Challenges regarding healthcare data analytics are more diverse. Perhaps the most discussed challenge was the nature of the data and how it can be treated. Many secondary studies highlighted problems with missing data [56, 57], low-quality data [54], and datasets stored in various formats which are not interoperable with each other [52, 55, 56]. Furthermore, some studies raised the concern of missing techniques to visualize the outputs given by different data analyses [56, 58]. Rather intuitively, many new implementations and the increases in the amount of data require new computational infrastructure for feasible use [54, 58,59,60]. Some studies raised ethical concerns regarding data collection, merging, and sharing, as data privacy is a multifaceted concept [52, 54, 58, 59], especially when the datasets cover multiple countries with different legislations. Many studies also called for multidisciplinary collaboration between medical and computing experts, stating that it is crucial that the analytics implementations are based on the same vocabulary and rules as medical experts use [49, 57, 61,62,63,64], and that the technical experts understand, e.g., how feasible it is to collect training data for a model to find patterns in medical images.

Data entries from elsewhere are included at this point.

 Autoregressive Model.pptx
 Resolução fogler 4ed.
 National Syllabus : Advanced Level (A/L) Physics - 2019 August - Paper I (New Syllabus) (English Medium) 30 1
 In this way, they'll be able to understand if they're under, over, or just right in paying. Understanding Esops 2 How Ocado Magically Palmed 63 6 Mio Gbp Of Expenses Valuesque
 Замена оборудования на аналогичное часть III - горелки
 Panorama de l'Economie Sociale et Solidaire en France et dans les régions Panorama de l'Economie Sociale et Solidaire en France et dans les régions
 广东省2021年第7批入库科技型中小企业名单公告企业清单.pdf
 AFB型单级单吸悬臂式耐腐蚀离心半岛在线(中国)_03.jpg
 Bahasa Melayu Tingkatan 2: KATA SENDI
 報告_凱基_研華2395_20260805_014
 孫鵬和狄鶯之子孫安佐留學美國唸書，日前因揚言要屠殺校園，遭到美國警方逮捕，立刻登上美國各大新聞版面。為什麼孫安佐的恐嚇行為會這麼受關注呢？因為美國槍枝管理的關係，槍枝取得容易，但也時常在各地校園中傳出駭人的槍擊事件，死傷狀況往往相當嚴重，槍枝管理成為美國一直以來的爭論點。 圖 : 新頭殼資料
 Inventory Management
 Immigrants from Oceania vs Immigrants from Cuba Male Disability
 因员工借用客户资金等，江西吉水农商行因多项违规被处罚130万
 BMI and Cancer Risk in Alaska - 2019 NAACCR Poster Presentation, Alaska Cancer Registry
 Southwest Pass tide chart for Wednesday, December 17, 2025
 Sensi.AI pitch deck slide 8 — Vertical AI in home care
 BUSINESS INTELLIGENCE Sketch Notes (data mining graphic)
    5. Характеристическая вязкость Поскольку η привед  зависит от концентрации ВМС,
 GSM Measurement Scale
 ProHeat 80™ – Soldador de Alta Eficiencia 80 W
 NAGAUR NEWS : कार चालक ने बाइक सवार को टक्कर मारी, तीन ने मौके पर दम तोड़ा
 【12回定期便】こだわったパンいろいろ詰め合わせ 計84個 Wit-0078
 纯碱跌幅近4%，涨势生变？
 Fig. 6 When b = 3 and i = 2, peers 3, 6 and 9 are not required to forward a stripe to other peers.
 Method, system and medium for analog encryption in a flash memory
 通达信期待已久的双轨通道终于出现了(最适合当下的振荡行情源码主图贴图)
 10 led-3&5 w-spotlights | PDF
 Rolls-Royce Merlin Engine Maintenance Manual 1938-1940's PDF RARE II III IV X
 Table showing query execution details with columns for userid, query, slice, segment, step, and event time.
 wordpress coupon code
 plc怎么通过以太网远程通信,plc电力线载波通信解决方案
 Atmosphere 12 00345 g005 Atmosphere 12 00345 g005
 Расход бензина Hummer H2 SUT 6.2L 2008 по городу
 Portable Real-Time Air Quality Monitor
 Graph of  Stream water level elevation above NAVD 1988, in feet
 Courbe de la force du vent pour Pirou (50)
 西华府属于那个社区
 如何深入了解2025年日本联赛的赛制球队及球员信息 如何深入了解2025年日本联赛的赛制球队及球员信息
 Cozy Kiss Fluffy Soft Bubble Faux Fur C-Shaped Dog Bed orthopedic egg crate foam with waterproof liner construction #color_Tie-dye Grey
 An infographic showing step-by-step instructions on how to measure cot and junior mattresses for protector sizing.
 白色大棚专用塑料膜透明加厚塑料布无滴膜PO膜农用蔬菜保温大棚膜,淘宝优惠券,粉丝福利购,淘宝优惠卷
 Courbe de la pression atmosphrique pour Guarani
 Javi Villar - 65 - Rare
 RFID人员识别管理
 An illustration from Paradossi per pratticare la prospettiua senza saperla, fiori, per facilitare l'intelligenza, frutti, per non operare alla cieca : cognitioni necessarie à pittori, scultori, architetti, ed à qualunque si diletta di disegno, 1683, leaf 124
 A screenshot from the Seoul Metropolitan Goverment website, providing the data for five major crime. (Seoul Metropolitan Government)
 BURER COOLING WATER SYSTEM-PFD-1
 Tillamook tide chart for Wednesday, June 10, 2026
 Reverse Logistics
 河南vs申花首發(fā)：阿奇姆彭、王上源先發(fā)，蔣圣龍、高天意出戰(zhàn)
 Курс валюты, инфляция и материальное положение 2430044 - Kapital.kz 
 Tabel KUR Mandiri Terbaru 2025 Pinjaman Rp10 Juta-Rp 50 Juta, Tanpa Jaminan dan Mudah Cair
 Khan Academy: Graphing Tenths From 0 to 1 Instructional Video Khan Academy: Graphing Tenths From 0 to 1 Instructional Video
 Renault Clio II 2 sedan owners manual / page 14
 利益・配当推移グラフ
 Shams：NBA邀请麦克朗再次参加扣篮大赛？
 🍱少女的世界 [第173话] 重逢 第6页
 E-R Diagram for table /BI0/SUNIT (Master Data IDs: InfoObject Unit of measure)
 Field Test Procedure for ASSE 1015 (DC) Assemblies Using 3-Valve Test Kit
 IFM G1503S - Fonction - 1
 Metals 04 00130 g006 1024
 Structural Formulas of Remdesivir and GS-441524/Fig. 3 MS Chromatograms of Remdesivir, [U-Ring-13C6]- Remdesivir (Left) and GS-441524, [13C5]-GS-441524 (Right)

Closely related, many of the more complex analytics solutions operate on a black box principle, meaning that it is not obvious how the implementation reaches the conclusion it reaches [56, 59, 65,66,67]. Open solutions, on the other hand, are typically understandable only for technical experts and may be outperformed by the more complex black box solutions. Finally, it has been observed that the already existing analytics solutions implemented in different environments, e.g., different hospitals [56, 59, 64], are not portable into other environments. In addition, it may be that the existing solutions are not fully integrated into actual day-to-day work [57]. Fleuren et al. [68] summarize the issue aptly, urging “to bridge the gap between bytes and bedside.

Threats to Validity

As is typical for studies involving human judgment, it is possible for another group of researchers to select at least a slightly different group of studies. Furthermore, the categorization of studies into specific healthcare and data analytics topics is a likely candidate for the subject of change. We tried to mitigate the effect of human judgment by following the systematic mapping study guidelines, such as utilizing and reporting explicit exclusion criteria and search terms [11], following the PRISMA flow of information guidelines [41], and discussing discrepancies and disagreements among the authors until consensus was reached. Regarding the challenges related to the wide and rather ambiguous subject areas of data analytics and healthcare, we utilized two rounds of backward snowballing to mitigate the threat of missing relevant studies.

Conclusion

In this study, we systematically mapped systematic secondary studies on healthcare data analytics. The results implicate that the number of secondary—and naturally primary—studies are rising, and the scientific publication fora around the topics are numerous. We also discovered that the number of primary studies included in the secondary studies varies greatly, as do the scientific databases used in primary study search. The results also show that while machine learning and data mining seem to be the most popular data analytics subfields in healthcare, specific healthcare topics are more diverse. This meta-analysis provides researchers with a high-level overview of the intersection of data analytics and healthcare, and an accessible starting point towards specific studies. What was not considered in this study is whether or not and how much the selected secondary studies overlap in their primary study selection, which could indicate the level of either deliberate or unaware overlap of similar work.